Last week, I wrote about a Virginia bill that will modify the state’s anti-paramilitary law. The bill seeks to add a small section to the relatively short law that would ban the carry of guns for the purpose of “intimidation.” Of course, the bill has all kinds of problems and those problems need to be discussed.
However, my social media was filled with people in hysterics. It seems this very same bill will also ban not just gunsmiths and firearms training classes, but your child’s karate class as well. People will tell you that it’s a draconian overreach and the bill needs to be stopped for just that reason.
Except, it’s not.
You see, those parts of the law aren’t new. They’ve been in place for years. Decades, even.
The problem is, you wouldn’t know that from the hysterics being bandied about. It would sound like all of this is brand new and incredibly frightening.
Now, don’t get me wrong. As I noted last week, that entire law needs to go away. It needs to be repealed because it can be interpreted to mean all of the things they hysterical headlines claim. It could be used to ban firearms training and even martial arts classes. It could be used to run gunsmiths and firearm manufacturers out of business. All of that is accurate.
The problem is, it hasn’t.
Now, I’m not saying to trust the government. After all, the recent switch in Virginia’s General Assembly gives me plenty of reason to be skeptical all on its own.
What I am saying, though, is that the laws aren’t new so we need to stop pretending those are. They need to be fought as existing laws. The proposed addition needs to be fought as a bill should and for what the bill actually states, not anything else.
You see, out there right now is a legion of people who are more than willing to believe every horrible stereotype about us. Some of those include a perceived lack of intelligence on our parts, of course. They believe that we’re simply too stupid to see the benefits of gun control. That or we see them and simply don’t care.
Either way, though, they see nothing but the worst in us.
When we jump at shadows like is happening with so much of the hysterics I’ve seen, though, we feed into that. We make them feel justified in their belief. “See?” they tell one another. “See how stupid they are? They can’t tell what’s already the law and what’s being proposed. It just goes to show you don’t need to take their scaremongering seriously.”
And yes, they actually do talk like that.

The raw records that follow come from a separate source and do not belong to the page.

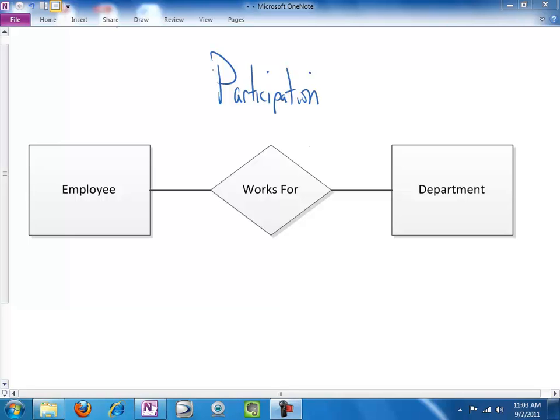Hello and welcome. In this clip we are going to talk about the participation constraint.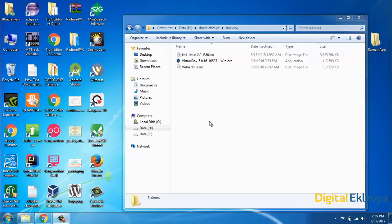Hello all. In this video we will learn how to set up your own penetration testing lab. To set up your own penetration testing lab we will use a virtual machine. A virtual machine is a kind of software by which you can install another operating system inside your host operating system.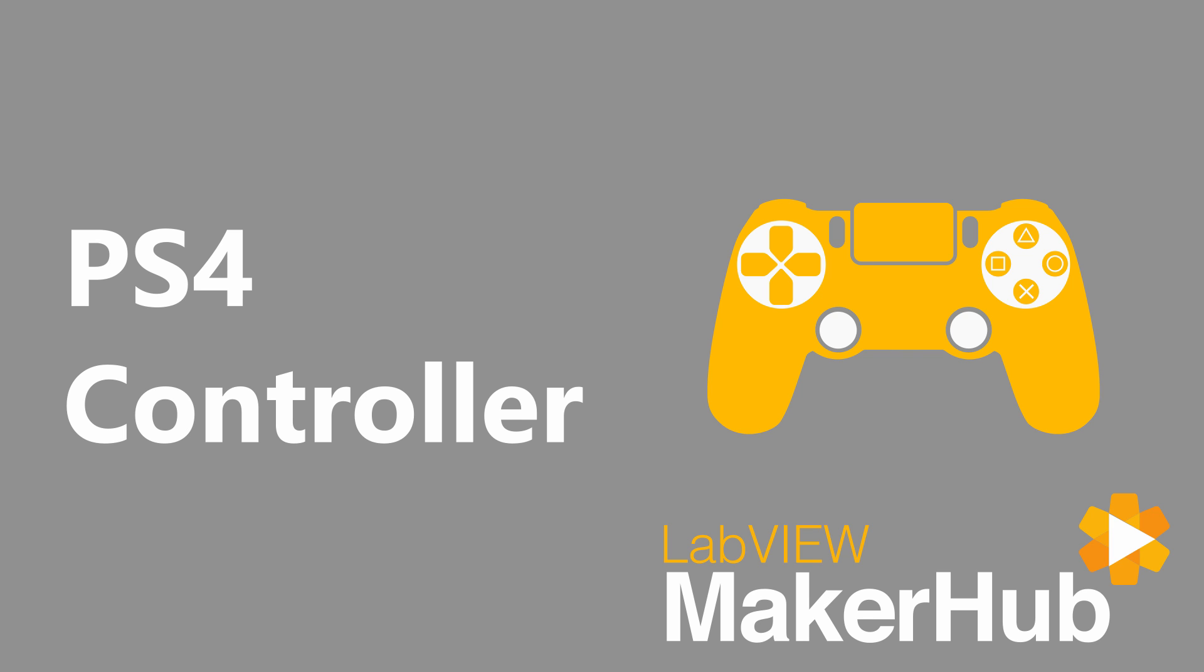The LabVIEW Maker Hub interface for the PlayStation 4 controller is a free, open-source LabVIEW add-on that makes it easy to use the PlayStation 4 controller as a user input to your LabVIEW application.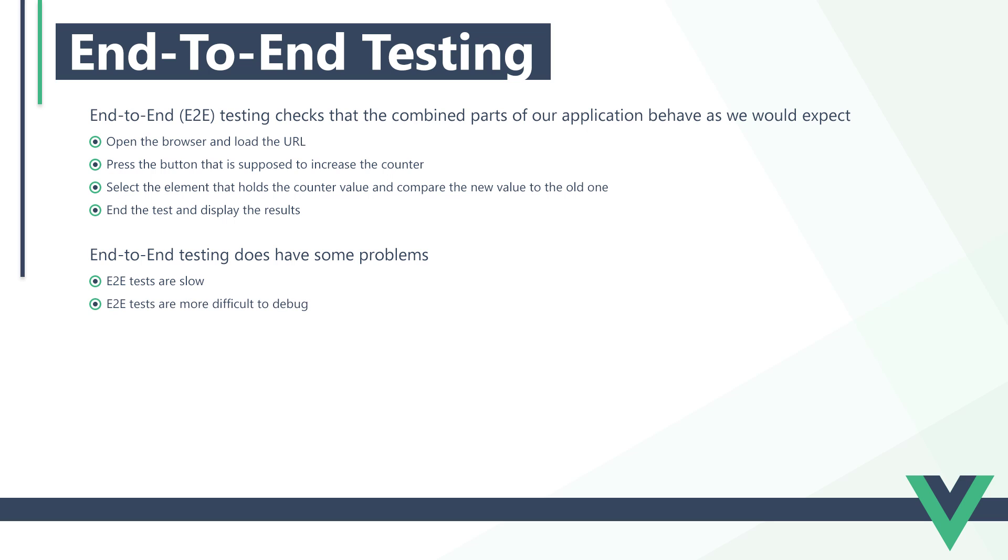End-to-end tests are also more difficult to debug. We can know which test failed, but not why. We'll have to manually retrace the steps of the test to find the bug. And, end-to-end tests that rely on external services or APIs can fail because the service is down. There might not even be anything wrong with the app itself.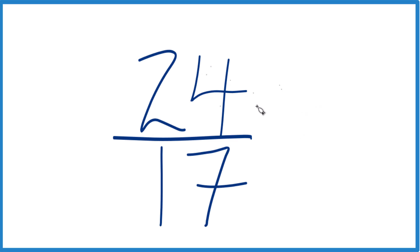So for 24 and 17, the only number that goes into both 24 and 17 evenly is 1.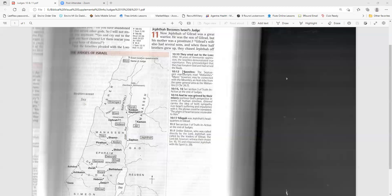You keep whatever your God, Chemosh, gives you, and we will keep whatever the Lord, our God, gives us. Are you any better than Balak, son of Zippor, king of Moab? Did he try to make a case against Israel for disputed land? Did he go to war against them? Israel has been living here for 300 years, inhabiting Heshbon and its surrounding settlements, all the way to Aroer and its settlements, and in all the towns along the Arnon River. Why have you made no effort to recover it before now? Therefore, I have not sinned against you. Rather, you have wronged me by attacking me. Let the Lord, who is judge, decide today which of us is right, Israel or Ammon. But the king of Ammon paid no attention to Jephthah's message.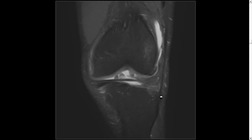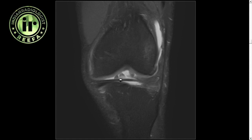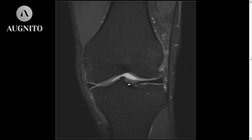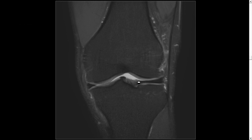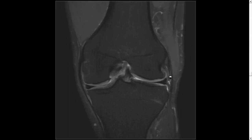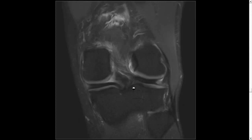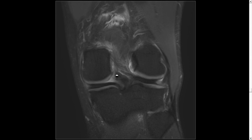Coming to the coronal plane from anterior to posterior: anteriorly we see the transverse meniscal ligament connecting the anterior horns of both menisci, the medial and lateral menisci, and the anterior root of the lateral meniscus. Progressing posteriorly through the bodies of both menisci, we reach the area of the posterior roots — the posterior root of the lateral meniscus, the posterior root of the medial meniscus, and the PCL. As discussed in anatomy, the posterior roots are very closely associated with the PCL attachment.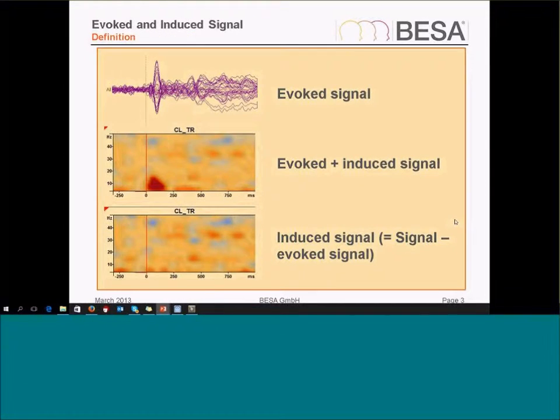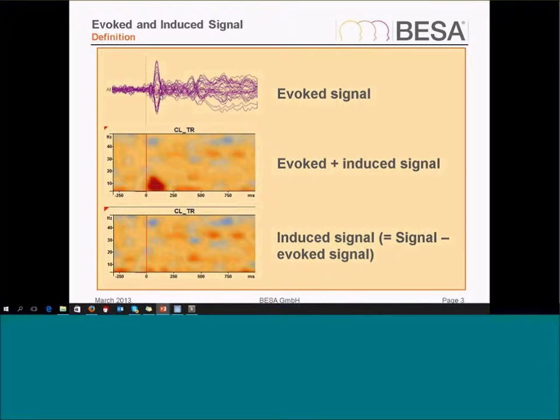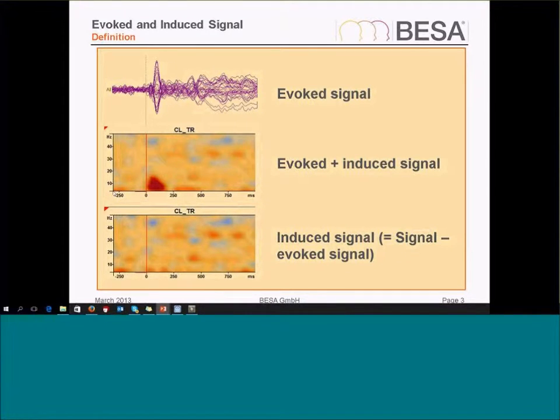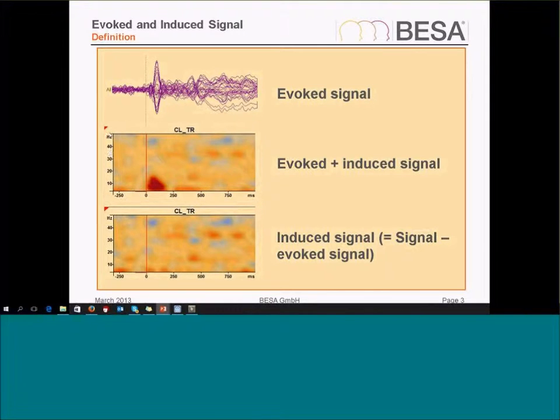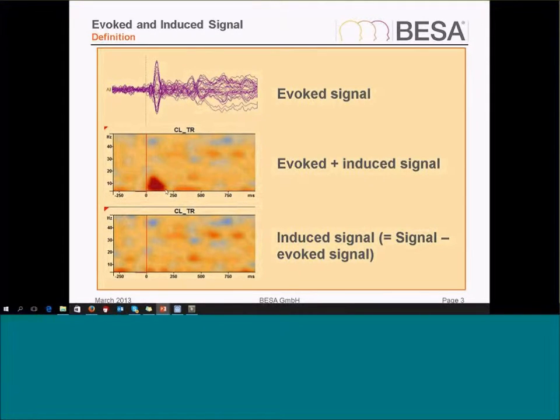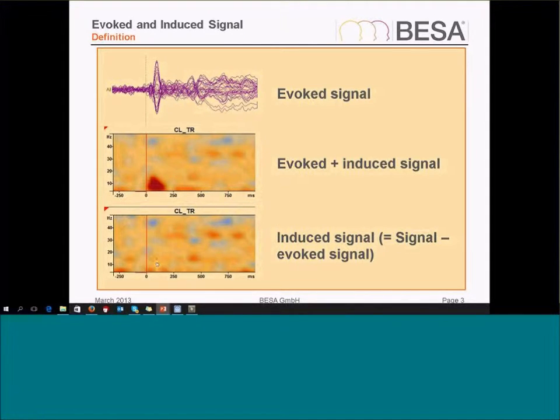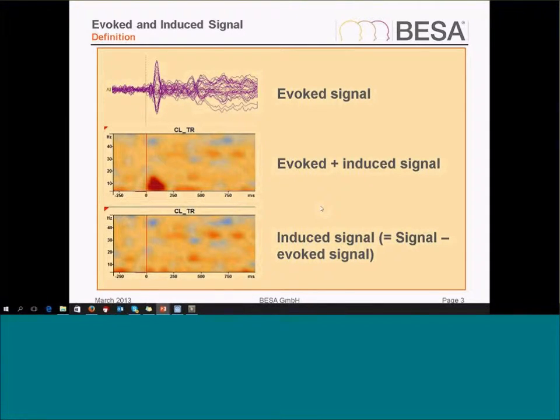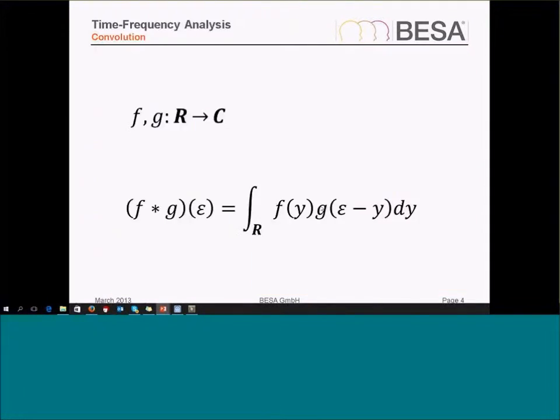This is a little example. I have an evoked signal here, and I can see in the time-frequency decomposition where I've got my time axis on the right, my frequency axis on the y-axis, and I've got some activation indicated by the strength of activation and color coding. You can see the evoked in red and also some induced signal. If I subtract the evoked signal, then I can just see the induced signal which I will not see in the average.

There’s nothing wrong with seeing the bill and recognizing the pitfalls that exist in the anti-paramilitary law on the books in Virginia. There’s absolutely nothing wrong with calling attention to it. At least, I hope not since that’s precisely what I did last week.
Yet there’s something very wrong with not taking a moment to make sure you’ve got the right of it.
I’d like to believe that the hysterics were honest mistakes rather than clickbait attempts to get views. I want to give everyone the benefit of the doubt on this one. Maybe a few well-meaning people made a goof and perhaps a few other sites took their reports and ran with them. It happens.
But I suspect some knew damn good and well what was happening and what was already in place and simply didn’t care. They wanted the traffic. Unfortunately, grifters like that are bad for the Second Amendment community as a whole. My hope is that those represent such a tiny minority that they’re a non-factor.
Regardless, though, we need to hold ourselves to a higher standard.